After two years of planning, applying and waiting, Humboldt’s town square bandstand is now on the National Register of Historical Places.
The Downtown Action Team was notified this week of the Jan. 8 listing. Larry Tucker, Humboldt city administrator, said he is pleased with the end result.
“It’s a center point in our town,” he said. “Hopefully, it will bring lots of people to the area.”
Two summers ago the team contacted the Kansas Historical Society and told them about the park and bandstand. Two women from the society came down and examined the area. The bandstand, which was built in the early 1900s, was a good candidate for the list. The team was told the entire park qualified. Because the property belongs to the city, the team addressed the council.
“The council had concerns that if the park was included we wouldn’t be able to add anything to the park,” Tucker said.
Once a place is listed on the Register any improvements must be approved by them. So the team went ahead and submitted only the bandstand as a potential qualifier.
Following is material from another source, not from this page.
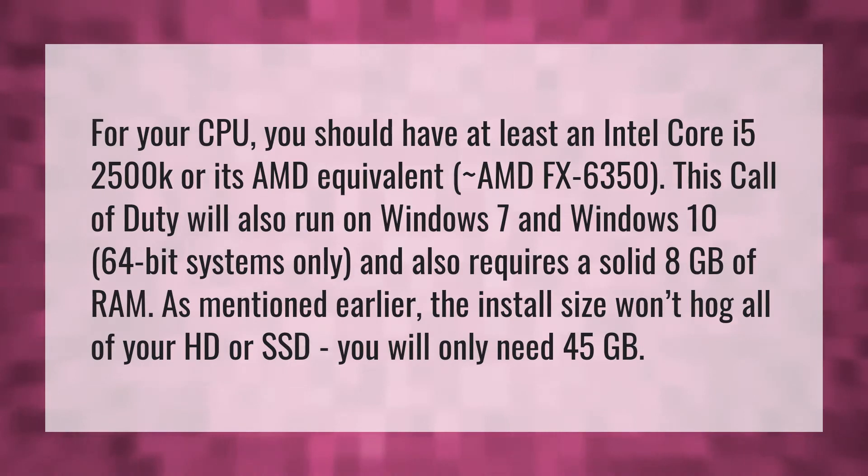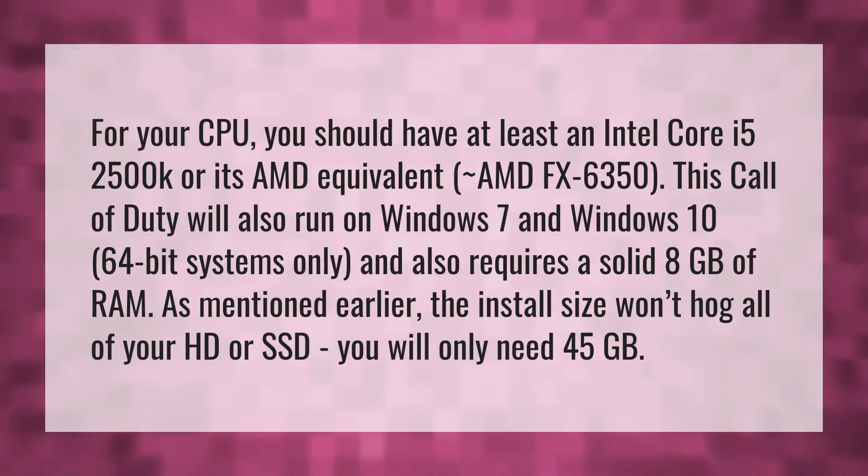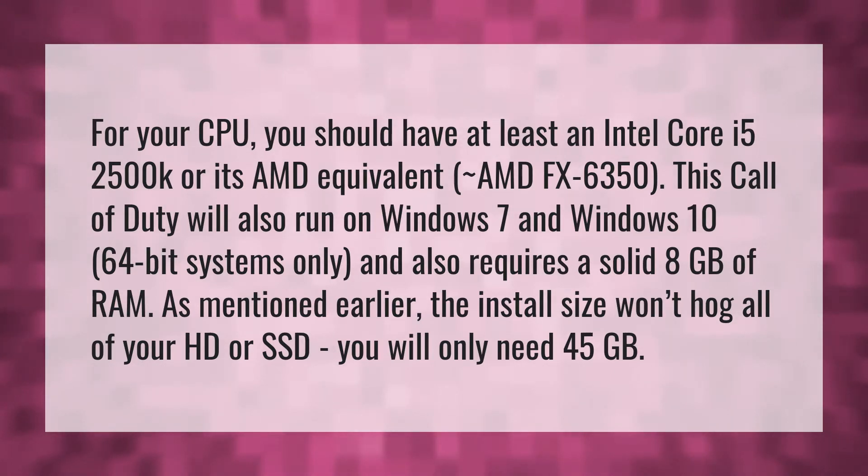For your CPU, you should have at least an Intel Core i5-2500K or its AMD equivalent, AMD FX-6350.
The DAT made improvements to the bandstand. It raised $10,000 in materials to make cosmetic changes to the flooring, ceilings and new lighting.
“B & W and Monarch helped a lot with the material and labor,” Tucker said. “We found out that the pillars were about to fall in and B & W helped fix that.”
Tucker said with the new improvements the team hopes the bandstand will last another 50 years.
“This is really a community project,” he said. “Hopefully people can feel proud.”
The Humboldt High School Band will have a spring concert on the stand and other entertainment will play on the structure in the future.
THE STAND is just the beginning for Humboldt. The DAT is working toward having a historic business district. There will be a survey done this summer to examine buildings around the square and in the city. Tucker said the properties that qualify will be available for tax credit funding or grant fundings.
Before, a Kansas law made it difficult to have buildings qualify. Tucker credited Sen. Caryn Tyson and the late Ed Bideau to have the law removed.
“This helps build and upgrade historical structures in small communities,” Tucker said.
There are about 30 properties that will be included in the survey this summer.
Tucker said the city is hoping to include more of Humboldt on the National Register list. A cabin and shelter in Hunter Park southwest of town are also candidates.
“The cabin is close to 100 years old,” he said. “It would accomplish the same thing. Bring people to the community and take advantage of the park.”